Le rêve d’autonomie kurde ?

Pris en étau entre les Turcs d’Erdogan et les forces d’Assad, les Kurdes de Syrie vont avoir bien du mal à préserver leur Rojava. D’autant que leur entente avec leurs « frères » d’Irak, dirigés par Massoud Barzani, est notoirement mauvaise. « Les Kurdes ne sont pas une catégorie politique homogène, il n’a pas d’unité territoriale et ils n’ont pas du tout la même idéologie d’un pays à l’autre », souligne Didier Billion. Seront-ils encore oubliés dans la recherche d’une solution politique globale dans la région ?

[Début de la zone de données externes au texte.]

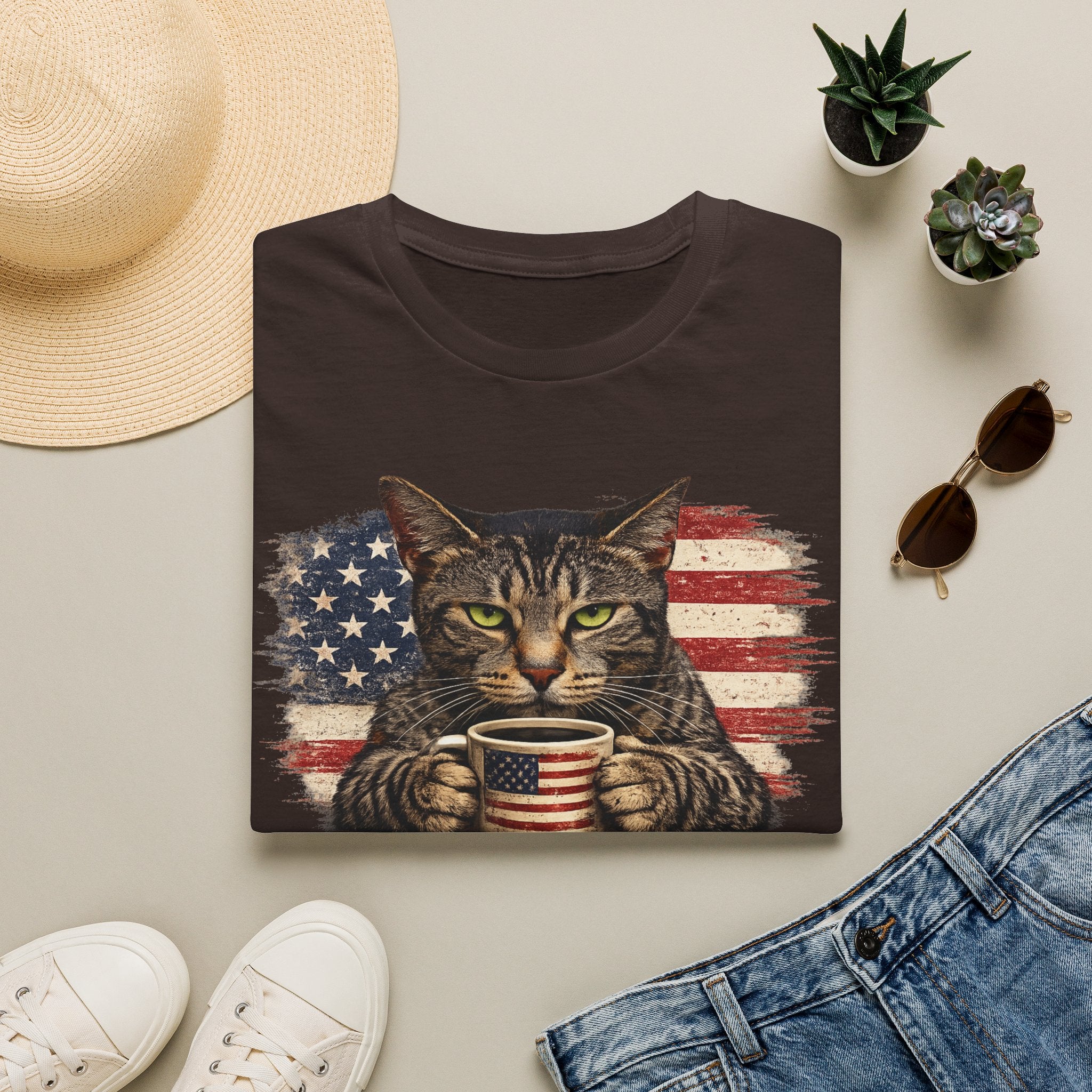 Patriotic Cat T-Shirt — American Flag Kitty with Coffee Mug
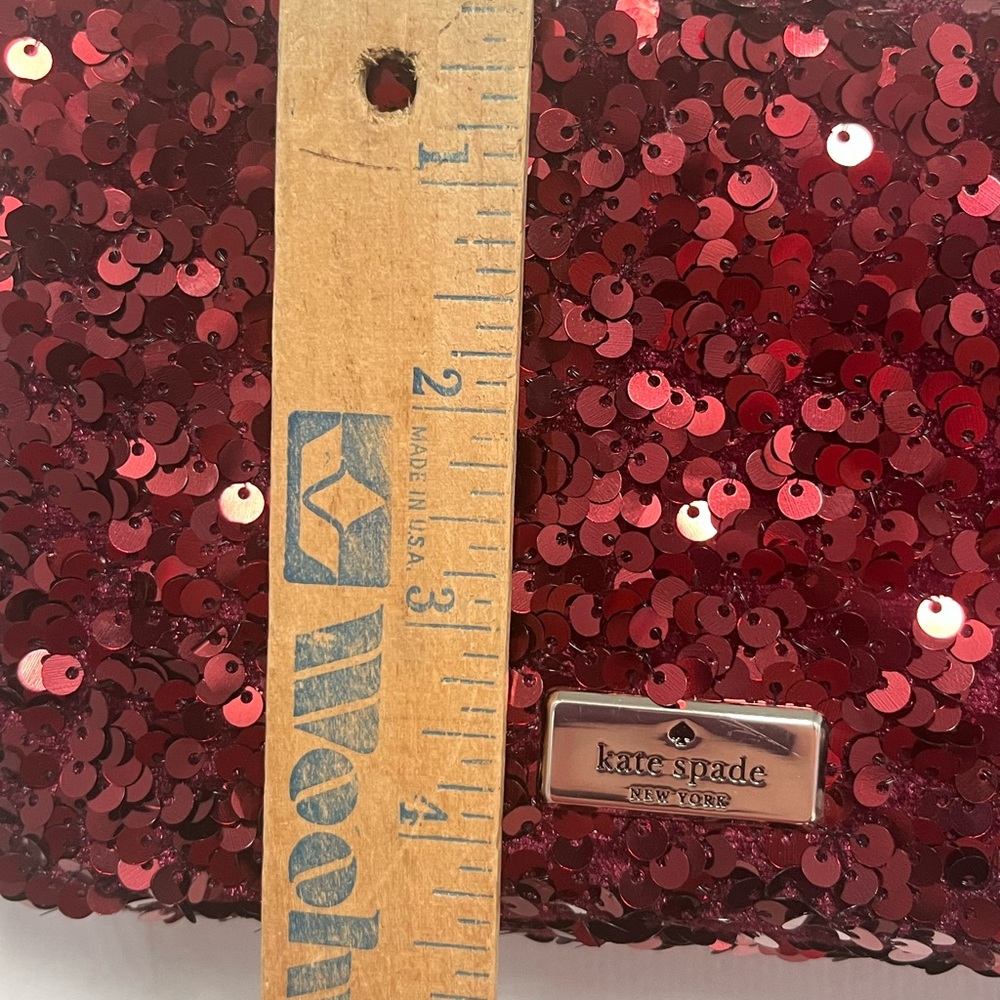 Kate Spade NY Kiki Sequin Fabric Convertible Bag Purse Wristlet Deep Berry New - Picture 13 of 16
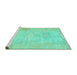Sideview of Machine Washable Abstract Turquoise Modern Area Rugs, wshabs1031turq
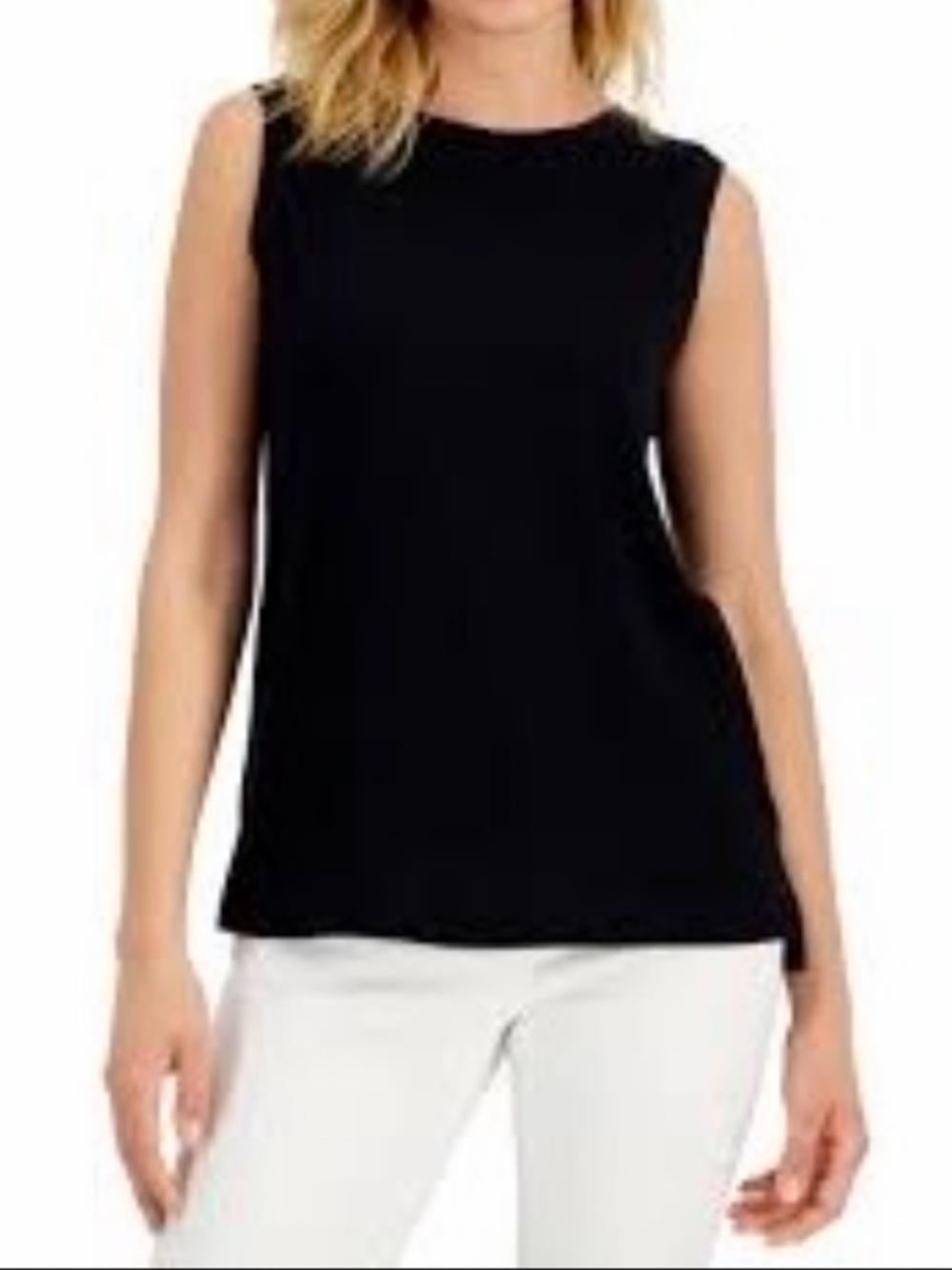Style & Co Sleeveless Ribbed 100% Cotton Boat-Neck Layering All Year Style Top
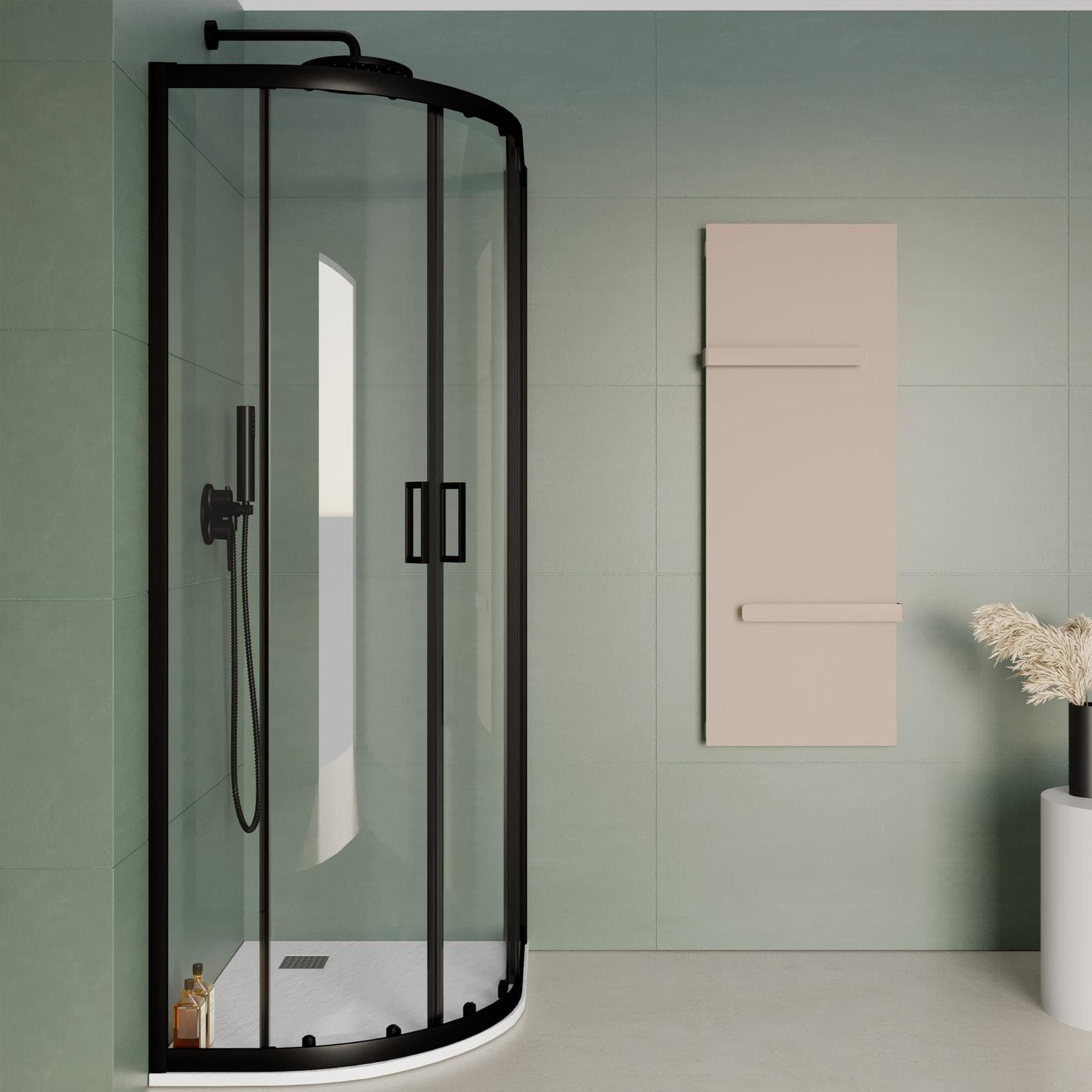 Box doccia semicircolare 70x90 cm in vetro trasparente e profilo nero 185h - Young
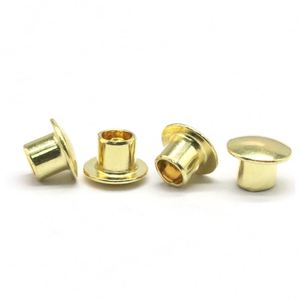 Rivet semi-tubulaire en laiton et cuivre, tête ronde 6,5x4x3,5 mm, norme ISO, finition polie pour assemblage électronique de circuits imprimés - Product Image 2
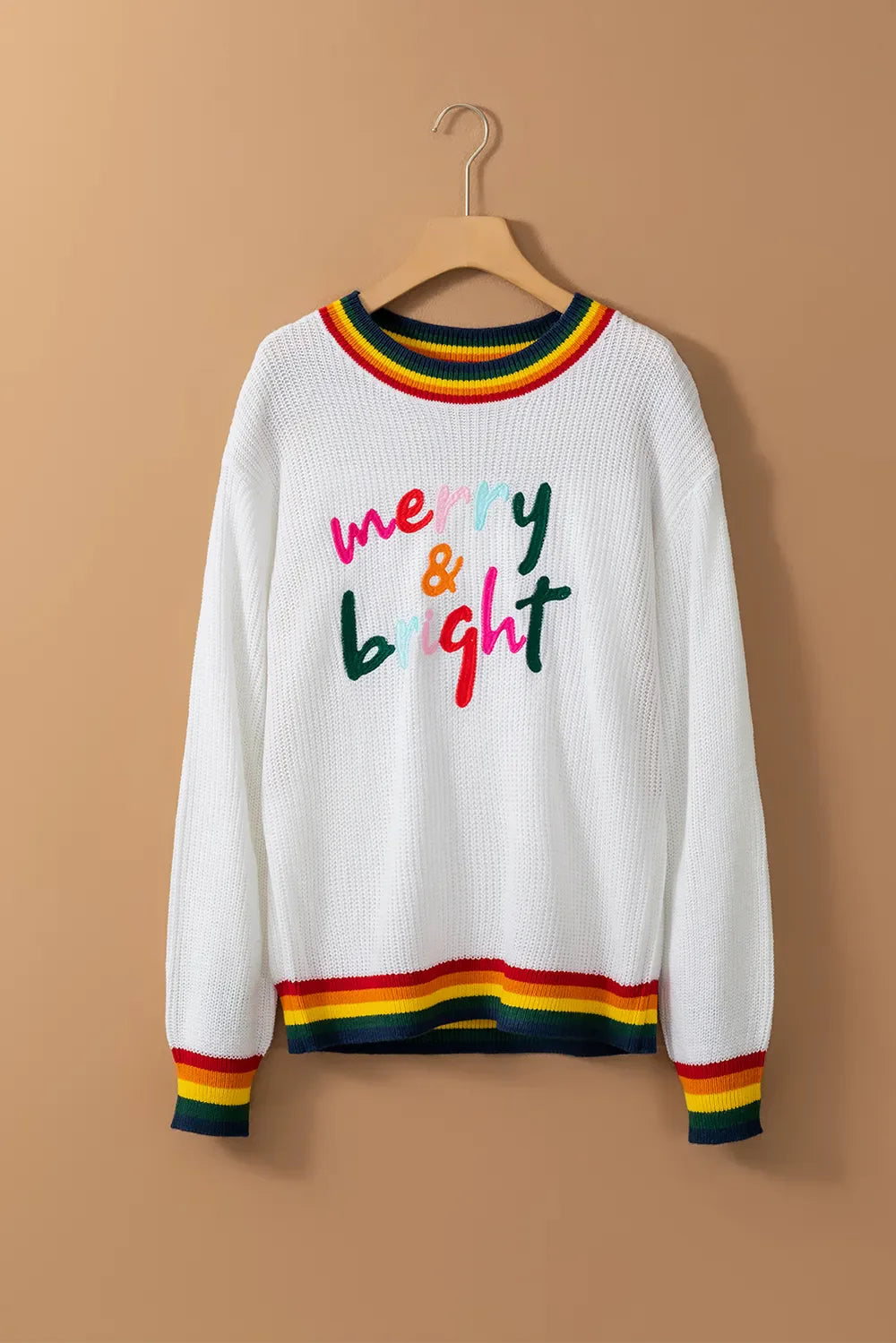 Fröhlicher & Heller Regenbogenrand Weihnachts-Pullover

Le rôle de premier plan joué par les FDS dans la lutte contre Daech ne peut être effacé d’un revers de manche. Pas plus que leur utilité actuelle. « Les Kurdes ont permis de capturer plusieurs centaines de membres de l’EI, dont on se demande ce qu’ils vont devenir si leurs gardiens étaient obligés de céder du terrain », avertit Franceschi. Parmi eux, une centaine de combattants français actuellement dans les geôles kurdes, selon nos informations. « C’est un vrai moyen de pression mais qui est délicat à utiliser », reconnaît Didier Billion. Une fois de plus, les Kurdes ne semblent plus maîtres de leur destin.

______________________

GLOSSAIRE

FDP (Forces démocratiques syriennes) : coalition soutenue par les Occidentaux composée majoritairement de Kurdes mais aussi de milices arabes, syriaques etc.

PYD (Parti de l’union démocratique) : organisation considérée par la Turquie comme la banche syrienne du PKK (parti des travailleurs du Kurdistan) dont le chef Abdullah Ocalan a été condamné à la prison à vie en Turquie.

YPG (Unité de protection du peuple) : bras armé du PYD.